At age 17, West enrolled in Harvard as an undergraduate. By taking eight courses per term as a junior, he was able to graduate one year early, achieving magna cum laude in Near Eastern languages and literature. While there, he once wrote a spontaneous 50-page essay to work through the differences between Immanuel Kant and George Wilhelm Friedrich Hegel's conceptions of God. He even dreamed of philosophical concepts taking form and battling one another. According to Boynton, government professor Martin Kilson called West "the most intellectually aggressive and highly cerebral student I have taught in my 30 years [at Harvard]."
West credited his time at Harvard with fueling a reexamination of his world views; over those three years, he surveyed his own thoughts and actions and pursued a rigorous study of new ideas. In class, he developed a passionate interest on the effects of time and culture on philosophical thought and historical actions. Outside of class, he participated in a "breakfast program" group in the Massachusetts village of Jamaica Plain, took weekly trips to Norfolk State Prison, and worked with the Black Student Organization, which was responsible for the 1972 takeover of Massachusetts Hall to both protest Harvard's investments in Gulf Oil and show support for liberation forces operating in the southwest African country of Angola. But West attributed his greatest intellectual influences on political matters to a variety of philosophers such as nineteenth-century Serbian political writer Svetozar Markovic. He continued, however, to recognize the limits of "book knowledge" and to value dedication in action.

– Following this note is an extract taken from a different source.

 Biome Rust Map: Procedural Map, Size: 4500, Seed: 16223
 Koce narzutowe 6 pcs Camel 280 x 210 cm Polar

After Harvard, West began pursuing a doctorate in philosophy at Princeton University. There, he discovered that the values most precious to him were those of individuality and democracy. In the introduction to Ethical Dimensions, he defined individuality as "the sanctity and dignity of all individuals shaped in and by communities," and explained democracy as a way of living as well as a way of governing. The work of Richard Rorty, a philosopher at Princeton, also impressed West. West called Rorty's attention to history "music to my ears" and subsequently developed his own vision of Rorty's favorite philosophical tradition--American pragmatism--in his 1989 book The American Evasion of Philosophy: A Genealogy of Pragmatism. In this book, West defined his own version of pragmatism, called "prophetic pragmatism," which he believes is vital in promoting the formation of a democracy that both recognizes and extols the virtues of individual morality, autonomy, and creativity. Philosopher K. Anthony Appiah, writing in Nation, considered the book "a powerful call for philosophy to play its role in building a radical democracy in alliance with the wretched of the earth" and deemed West possibly "the pre-eminent African-American intellectual of our generation."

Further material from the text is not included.